*** Opening INFORMATION SHOWN ***
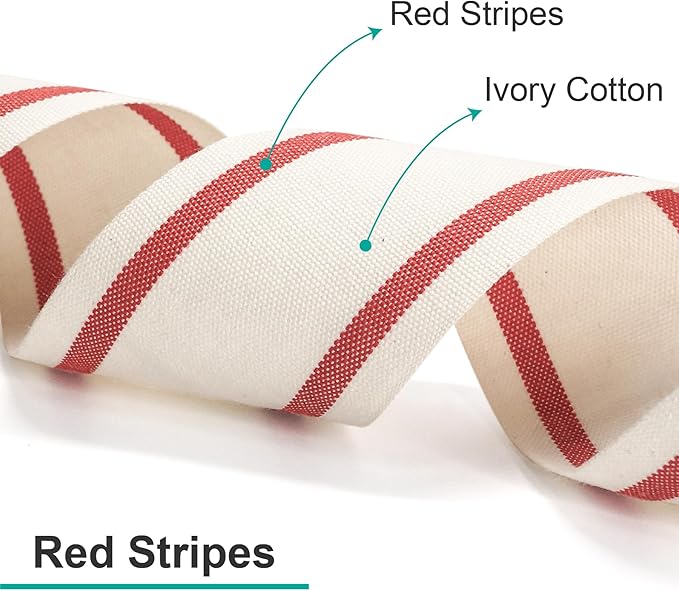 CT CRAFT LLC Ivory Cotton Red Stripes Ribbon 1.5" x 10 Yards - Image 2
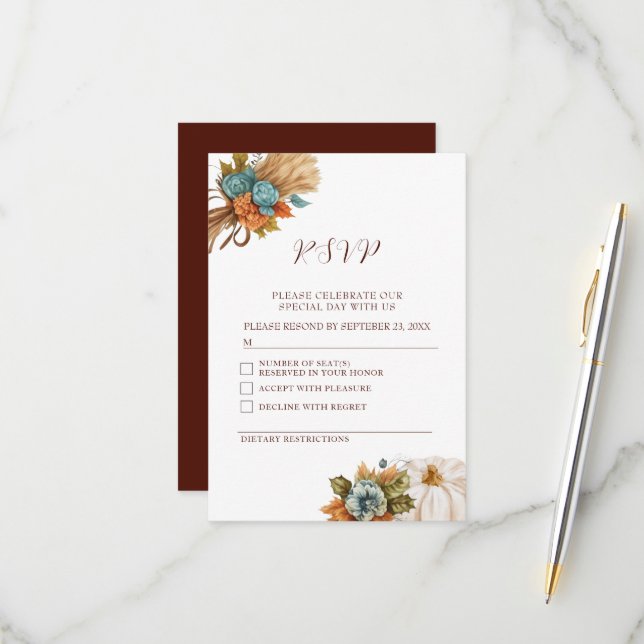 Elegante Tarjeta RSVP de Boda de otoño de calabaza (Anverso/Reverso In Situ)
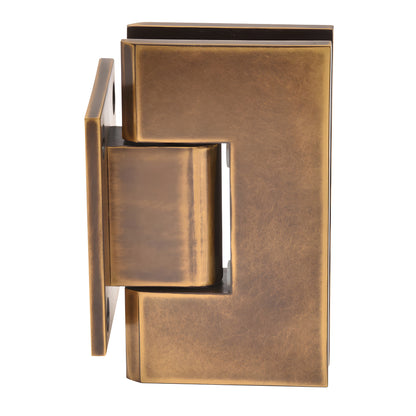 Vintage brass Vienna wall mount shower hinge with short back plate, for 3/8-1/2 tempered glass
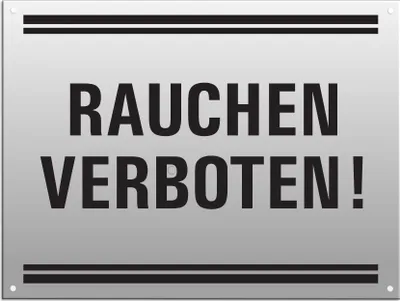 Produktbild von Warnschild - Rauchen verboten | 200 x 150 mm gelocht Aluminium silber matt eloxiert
*** Closing INFORMATION SHOWN ***
__ACTIVITY__
Copy verbatim the span that opens at the line with "Elegante Tarjeta RSVP" and closes at the final line of the listing. Do not carry over any pictures.

__WRITTEN RESPONSE__
 Elegante Tarjeta RSVP de Boda de otoño de calabaza (Anverso/Reverso In Situ)
 Vintage brass Vienna wall mount shower hinge with short back plate, for 3/8-1/2 tempered glass
 Produktbild von Warnschild - Rauchen verboten | 200 x 150 mm gelocht Aluminium silber matt eloxiert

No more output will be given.